**EXERCISE:**
Your task is to copy the stretch of lines in the records below that begins with the line containing "Vet Elegant Bloemen Groomsman voorstel Kaart" and ends with the line containing "Warme chocolademelk met", exactly as written, with nothing added.

**RECORDS:**
• • • • • • •

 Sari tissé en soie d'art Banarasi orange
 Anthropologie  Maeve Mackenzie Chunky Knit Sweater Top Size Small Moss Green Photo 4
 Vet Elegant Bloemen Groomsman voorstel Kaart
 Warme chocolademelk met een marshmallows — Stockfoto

• • • • • • •

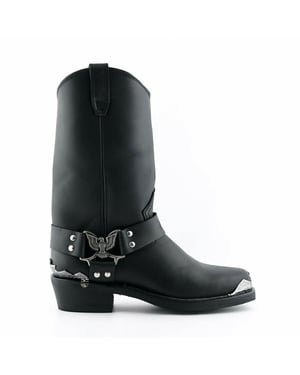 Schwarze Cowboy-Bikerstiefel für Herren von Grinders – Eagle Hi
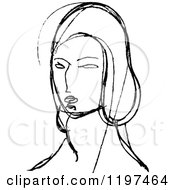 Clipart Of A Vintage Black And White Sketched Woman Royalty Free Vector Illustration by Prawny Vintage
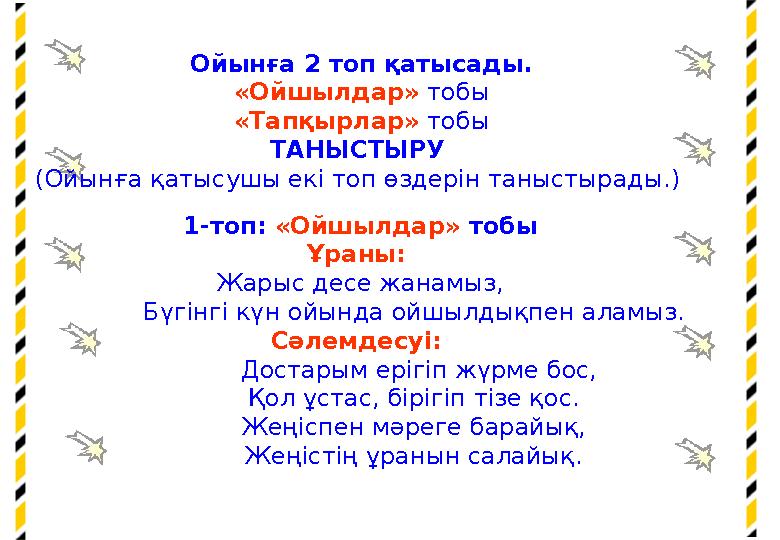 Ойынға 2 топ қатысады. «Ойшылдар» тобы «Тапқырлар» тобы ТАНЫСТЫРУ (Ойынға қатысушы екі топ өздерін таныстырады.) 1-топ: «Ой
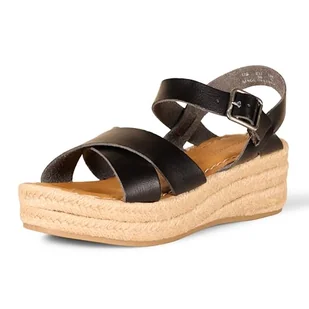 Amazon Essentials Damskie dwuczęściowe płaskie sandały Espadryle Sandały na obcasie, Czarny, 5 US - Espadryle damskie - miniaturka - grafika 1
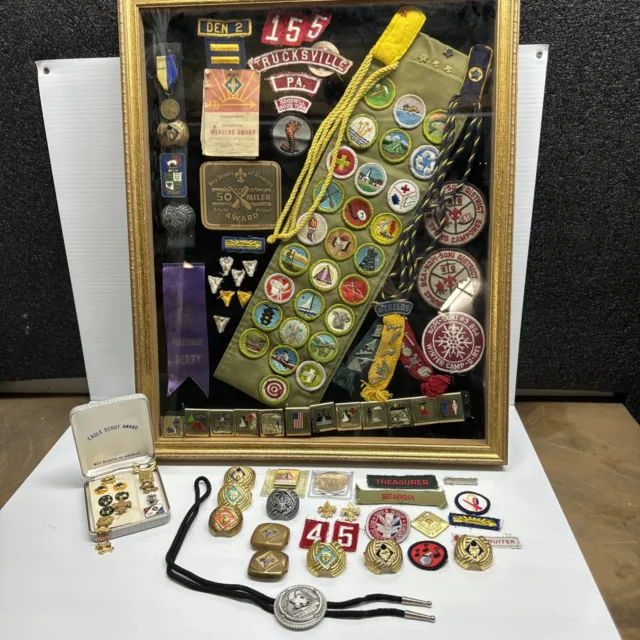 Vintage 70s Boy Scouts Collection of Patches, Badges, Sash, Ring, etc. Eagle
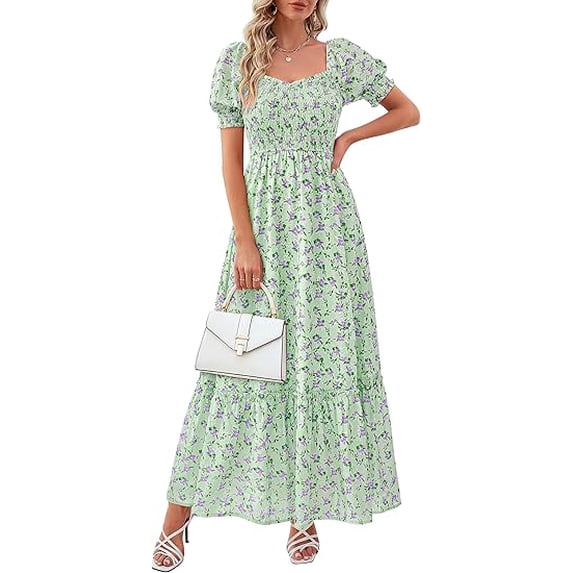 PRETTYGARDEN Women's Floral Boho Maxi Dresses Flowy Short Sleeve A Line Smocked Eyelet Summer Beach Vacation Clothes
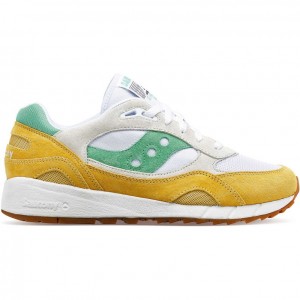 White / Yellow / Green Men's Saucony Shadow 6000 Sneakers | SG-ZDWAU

• • • • • • •

**RESULT FOR THIS TASK:**
 Vet Elegant Bloemen Groomsman voorstel Kaart
 Warme chocolademelk met een marshmallows — Stockfoto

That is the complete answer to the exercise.